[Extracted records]
--------------------------------------------------

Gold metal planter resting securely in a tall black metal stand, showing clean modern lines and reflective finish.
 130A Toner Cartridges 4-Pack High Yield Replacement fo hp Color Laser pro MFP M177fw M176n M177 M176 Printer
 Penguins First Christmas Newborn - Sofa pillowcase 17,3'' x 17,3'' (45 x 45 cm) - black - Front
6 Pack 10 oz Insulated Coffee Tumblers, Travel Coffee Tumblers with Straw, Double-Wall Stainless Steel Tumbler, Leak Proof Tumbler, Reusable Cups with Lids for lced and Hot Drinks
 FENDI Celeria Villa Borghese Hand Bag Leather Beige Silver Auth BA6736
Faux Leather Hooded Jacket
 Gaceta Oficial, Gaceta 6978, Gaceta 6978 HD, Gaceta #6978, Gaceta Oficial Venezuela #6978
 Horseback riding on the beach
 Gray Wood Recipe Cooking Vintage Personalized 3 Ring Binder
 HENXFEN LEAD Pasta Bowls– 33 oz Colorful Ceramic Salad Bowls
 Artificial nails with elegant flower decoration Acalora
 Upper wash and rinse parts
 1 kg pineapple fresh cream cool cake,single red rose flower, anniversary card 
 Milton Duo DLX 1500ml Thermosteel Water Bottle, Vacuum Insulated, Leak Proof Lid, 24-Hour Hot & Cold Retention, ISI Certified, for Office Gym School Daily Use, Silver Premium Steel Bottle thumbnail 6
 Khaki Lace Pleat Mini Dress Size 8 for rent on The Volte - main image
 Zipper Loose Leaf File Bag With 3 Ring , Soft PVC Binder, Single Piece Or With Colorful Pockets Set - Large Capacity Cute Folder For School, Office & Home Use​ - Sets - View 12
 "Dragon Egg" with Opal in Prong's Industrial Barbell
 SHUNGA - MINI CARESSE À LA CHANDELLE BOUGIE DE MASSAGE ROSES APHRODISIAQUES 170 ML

--------------------------------------------------

=== WORK INSTRUCTIONS ===
Every record above must appear again in the answer, unchanged.

=== SOLUTION ===
Gold metal planter resting securely in a tall black metal stand, showing clean modern lines and reflective finish.
 130A Toner Cartridges 4-Pack High Yield Replacement fo hp Color Laser pro MFP M177fw M176n M177 M176 Printer
 Penguins First Christmas Newborn - Sofa pillowcase 17,3'' x 17,3'' (45 x 45 cm) - black - Front
6 Pack 10 oz Insulated Coffee Tumblers, Travel Coffee Tumblers with Straw, Double-Wall Stainless Steel Tumbler, Leak Proof Tumbler, Reusable Cups with Lids for lced and Hot Drinks
 FENDI Celeria Villa Borghese Hand Bag Leather Beige Silver Auth BA6736
Faux Leather Hooded Jacket
 Gaceta Oficial, Gaceta 6978, Gaceta 6978 HD, Gaceta #6978, Gaceta Oficial Venezuela #6978
 Horseback riding on the beach
 Gray Wood Recipe Cooking Vintage Personalized 3 Ring Binder
 HENXFEN LEAD Pasta Bowls– 33 oz Colorful Ceramic Salad Bowls
 Artificial nails with elegant flower decoration Acalora
 Upper wash and rinse parts
 1 kg pineapple fresh cream cool cake,single red rose flower, anniversary card 
 Milton Duo DLX 1500ml Thermosteel Water Bottle, Vacuum Insulated, Leak Proof Lid, 24-Hour Hot & Cold Retention, ISI Certified, for Office Gym School Daily Use, Silver Premium Steel Bottle thumbnail 6
 Khaki Lace Pleat Mini Dress Size 8 for rent on The Volte - main image
 Zipper Loose Leaf File Bag With 3 Ring , Soft PVC Binder, Single Piece Or With Colorful Pockets Set - Large Capacity Cute Folder For School, Office & Home Use​ - Sets - View 12
 "Dragon Egg" with Opal in Prong's Industrial Barbell
 SHUNGA - MINI CARESSE À LA CHANDELLE BOUGIE DE MASSAGE ROSES APHRODISIAQUES 170 ML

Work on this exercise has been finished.